REQUIRED ACTION:
Reproduce the data below line by line, from its first line to the line with "Aukcja sprzedaży 2022", both included, and nothing past that point.

SOURCE DATA:
..............................

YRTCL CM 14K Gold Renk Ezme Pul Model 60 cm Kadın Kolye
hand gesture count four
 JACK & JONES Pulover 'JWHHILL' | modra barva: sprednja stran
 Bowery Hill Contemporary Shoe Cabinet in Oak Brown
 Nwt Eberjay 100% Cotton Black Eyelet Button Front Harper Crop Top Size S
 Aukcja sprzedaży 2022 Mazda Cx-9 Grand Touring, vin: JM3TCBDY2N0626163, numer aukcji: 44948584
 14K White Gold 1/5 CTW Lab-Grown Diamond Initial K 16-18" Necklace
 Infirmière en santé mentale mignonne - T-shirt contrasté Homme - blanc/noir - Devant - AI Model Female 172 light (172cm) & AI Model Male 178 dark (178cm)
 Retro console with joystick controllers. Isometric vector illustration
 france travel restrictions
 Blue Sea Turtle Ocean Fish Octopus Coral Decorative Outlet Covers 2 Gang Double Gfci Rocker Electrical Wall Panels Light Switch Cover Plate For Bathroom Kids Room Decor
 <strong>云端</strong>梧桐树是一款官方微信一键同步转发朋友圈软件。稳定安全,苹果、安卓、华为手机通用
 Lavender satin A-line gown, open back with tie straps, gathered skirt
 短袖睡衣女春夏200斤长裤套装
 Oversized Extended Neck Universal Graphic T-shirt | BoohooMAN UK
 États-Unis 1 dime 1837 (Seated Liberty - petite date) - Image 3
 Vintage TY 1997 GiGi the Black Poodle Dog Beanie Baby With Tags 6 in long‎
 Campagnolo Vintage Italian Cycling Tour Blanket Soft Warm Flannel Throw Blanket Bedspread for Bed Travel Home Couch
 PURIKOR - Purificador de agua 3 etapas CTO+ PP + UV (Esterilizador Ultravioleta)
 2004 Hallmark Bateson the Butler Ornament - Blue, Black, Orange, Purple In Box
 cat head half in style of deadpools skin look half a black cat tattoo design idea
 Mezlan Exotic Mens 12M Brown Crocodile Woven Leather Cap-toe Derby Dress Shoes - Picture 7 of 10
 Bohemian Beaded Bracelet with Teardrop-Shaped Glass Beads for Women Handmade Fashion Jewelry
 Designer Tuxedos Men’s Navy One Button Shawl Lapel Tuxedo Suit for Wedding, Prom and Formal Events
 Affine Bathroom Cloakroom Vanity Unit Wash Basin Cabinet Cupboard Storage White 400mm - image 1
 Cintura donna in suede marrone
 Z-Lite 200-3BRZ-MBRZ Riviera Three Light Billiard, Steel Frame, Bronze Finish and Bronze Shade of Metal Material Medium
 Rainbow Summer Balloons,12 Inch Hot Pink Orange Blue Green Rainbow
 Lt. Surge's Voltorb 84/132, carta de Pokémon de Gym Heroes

..............................

ANSWER SECTION:
YRTCL CM 14K Gold Renk Ezme Pul Model 60 cm Kadın Kolye
hand gesture count four
 JACK & JONES Pulover 'JWHHILL' | modra barva: sprednja stran
 Bowery Hill Contemporary Shoe Cabinet in Oak Brown
 Nwt Eberjay 100% Cotton Black Eyelet Button Front Harper Crop Top Size S
 Aukcja sprzedaży 2022 Mazda Cx-9 Grand Touring, vin: JM3TCBDY2N0626163, numer aukcji: 44948584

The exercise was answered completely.